Wyllis O. Cooper, circa 1930. GN Goat magazine, April, 1930. Author's collection |
Wyllis O. Cooper (1899-1955) was a prodigious author of many
radio scripts in the heyday of commercial radio. His preferred genre seems to
have been stories of mystery and suspense – creepy, sometimes spine-chilling
material. Among other projects, he wrote for the popular series “Lights Out”
and “Quiet, Please.” Before his work evolved into that arena, however, Cooper hired
on with the McJunkin Advertising Company of Chicago – which had as a major
client the Great Northern Railway. Cooper became involved in writing scripts
used on Empire Builders. He is credited with writing the story for the Empire Builders program of November 11, 1929, and also for contributing to the "Glacier Park Winter" broadcast of November 25, 1929. On the night
of February 10, 1930, Empire Builders
aired another story that was authored by Cooper, simply entitled “Butte.” It did not
evoke quite the same macabre atmosphere of much of his later work, but you can
see elements of that style at play. And more so than nearly any previous
episode of Empire Builders, this
presentation left behind the relatively easy-going, mild nature of most of the
series’ earlier offerings.
Cooper traveled to Butte in January of 1930 to research and
secure background material to write the “Butte” broadcast story. Originally set
to air on January 20th, the program was pushed back to February 10th.
This was due to the delay of Major Royce’s Arctic Patrol, as described in my last blog entry.
This program opened with the announcer highlighting the
appearance again of Bob MacGimsey.
ANNOUNCER:
You are listening to
Empire Builders, a presentation by the Great Northern Railway. You will next
hear Bob MacGimsey harmony whistler. Mr. MacGimsey uses neither mechanical
devices, nor his fingers. He simply stands before the microphone and whistles,
just as anyone else would, except that MacGimsey produces two and three-part
harmony. Mr. MacGimsey is accompanied by Andy Sannella’s orchestra.
A doctor inspects the throat of Bob MacGimsey - nothing unusual is discovered. GN Press Release. Author's collection |
PIONEER: Mornin’, waiter. Thanks. B’lieve I’ll
spread myself this mornin’. Kind o’ hungry. Lemme see – reckon I’ll take this number
nine club breakfast, with – ah with oatmeal, ‘n’ scrambled eggs ‘n’ bacon, hot
muffins, an’ some coffee. Better bring the coffee first, though. This here
demi-tasse you brought for a starter just whetted my appetite for a big cup.
I have quite a number of Great Northern Railway memorabilia
items in my collection, but I’m short on dining car menus from the early 1930s.
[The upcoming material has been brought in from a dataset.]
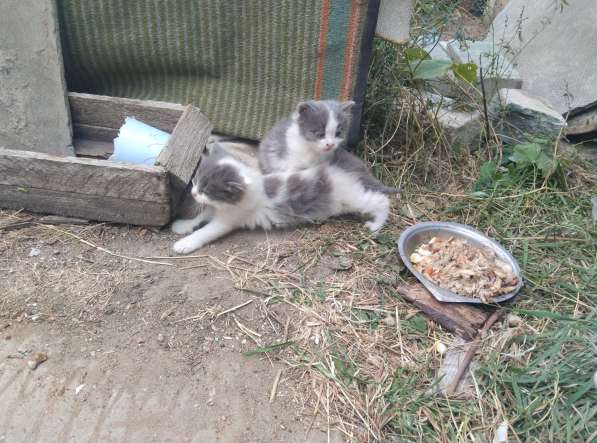 Срочно! Плачущие котята с доставкой в Белгороде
I’d like to take a look at a few and see if any offer breakfast selections matching
the Old Timer’s choice in the radio script. My hunch is that there really was
such an option on the menu. Reading that passage of the script, I envy the Old
Timer. I enjoy breakfast on Amtrak’s Empire Builder dining cars, but to have a
meal like the Old Timer did, onboard the Great Northern’s Empire
Builder… that must have been something special. Just after the Old Timer
ordered breakfast, an old acquaintance of his named Joe entered the dining car.
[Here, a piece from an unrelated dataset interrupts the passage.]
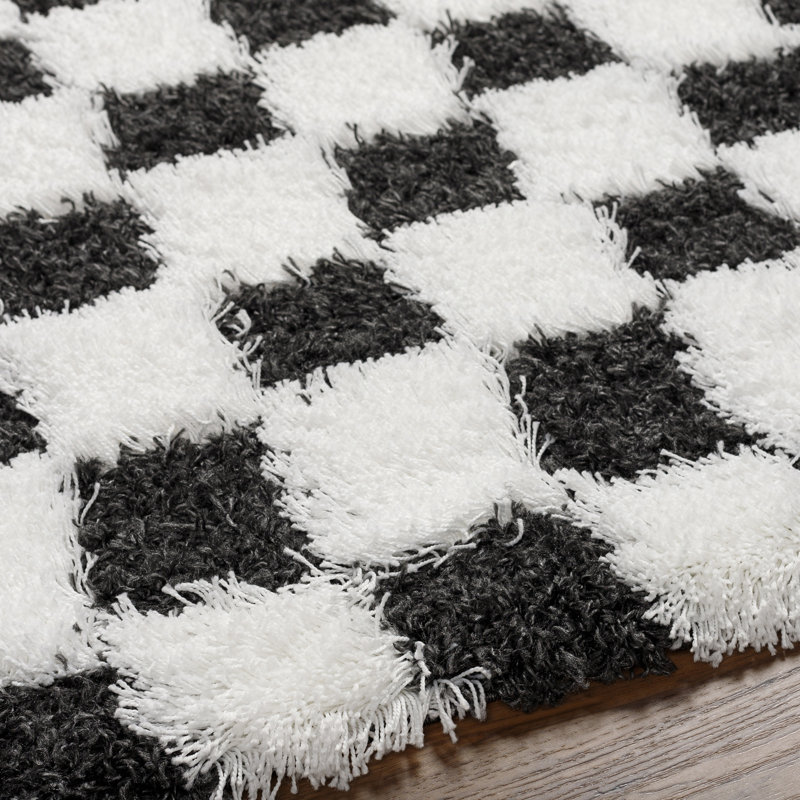 Theia Oriental Area Rug, Rectangle 160 x 220 cm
PIONEER: Hello there, Joe! C’mon and set down here
with me. Haven’t seen you in a long time! Just come up from Butte?
1st
MAN: Well hello there, Old Timer!
No, I’ve been over in Great Falls on business. Going on out to Seattle. I came
up from the Falls last night on number 224, and stayed at Havre overnight, so I
could catch the Empire Builder this morning…
Okay – fact check time. I may not have Great Northern dining
car menus from 1930, but I sure do have a lot of the GN public timetables from
that era. The Great Northern Railway did indeed have a daily Train 224 – it was
a local service that ran between Great Falls and Havre (Train 223, also a daily
train, ran the opposite direction, from Havre to Great Falls). The Old Timer’s
pal Joe would have caught the 5:30pm departure out of Great Falls, and would have
arrived in Havre at 9:30 that night. The next morning, the westbound Empire
Builder (Train 1) was scheduled to pull into the depot at 7:00am, departing 15
minutes later. The radio story works out perfectly.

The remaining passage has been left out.